Just like the late 1990s when 3G was deployed, billions are being spent to deploy systems capable of delivering video to mobile devices. However, In-Stat reports that "mobile" doesn't necessarily mean the same thing as "cellular." New technologies and business models are now under development that may threaten mobile operators' ability to profit from video content, the high-tech market research firm says.
"Cellular operators may find that consumers won't be as interested in their video offerings once other types of service are available," says David Chamberlain, In-Stat analyst. "Of the five methods of mobile video delivery studied in a recent In-Stat report, two operate outside the current cell phone ecosystem, and a third--out-of-band video--seems to be allied to mobile operators for commercial convenience, not technological necessity." All three, Chamberlain says, could bypass mobile operators altogether.
Recent research by In-Stat found the following:
* Free-to-air mobile video, being considered by broadcasters, could disrupt other video services associated with cellular operators.

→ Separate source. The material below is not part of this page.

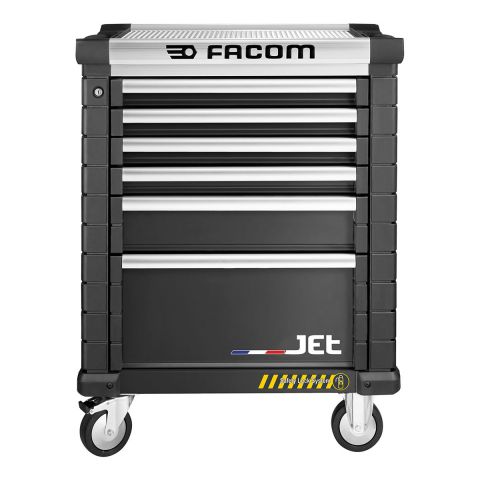 FACOM JET.6NM3AS - JET+ 6 Drawer 3 Mod Safety Roller Cabinet Black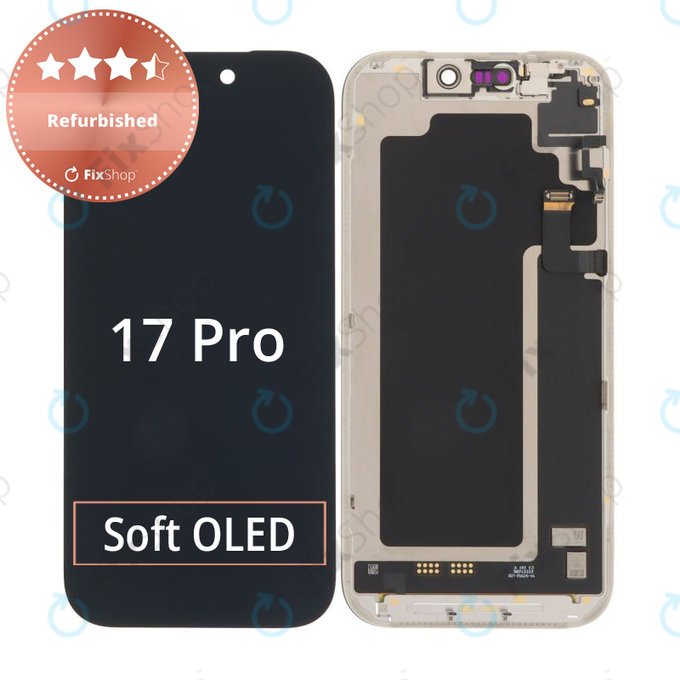 Apple iPhone 17 Pro - Ecran LCD + Sticlă Tactilă + Ramă Refurbished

* Tech-savvy users' interest in time- and place-shifting services from Orb and Sling Media threaten to bypass operators' walled gardens.
* Even though video that can be delivered entirely from within the operators' walled gardens was first to market, it suffers from general user apathy, according to an In-Stat survey of US mobile users.
The research, "Wireless Operators May Lose Control of Mobile Video" (#IN0703669MCM), covers the market for mobile video. It includes an overview of the types of mobile video and the competing groups that are trying to promote their own standards. It also looks carefully at the attitudes of US consumers about the four most prevalent mobile video delivery scenarios, based on an In-Stat survey.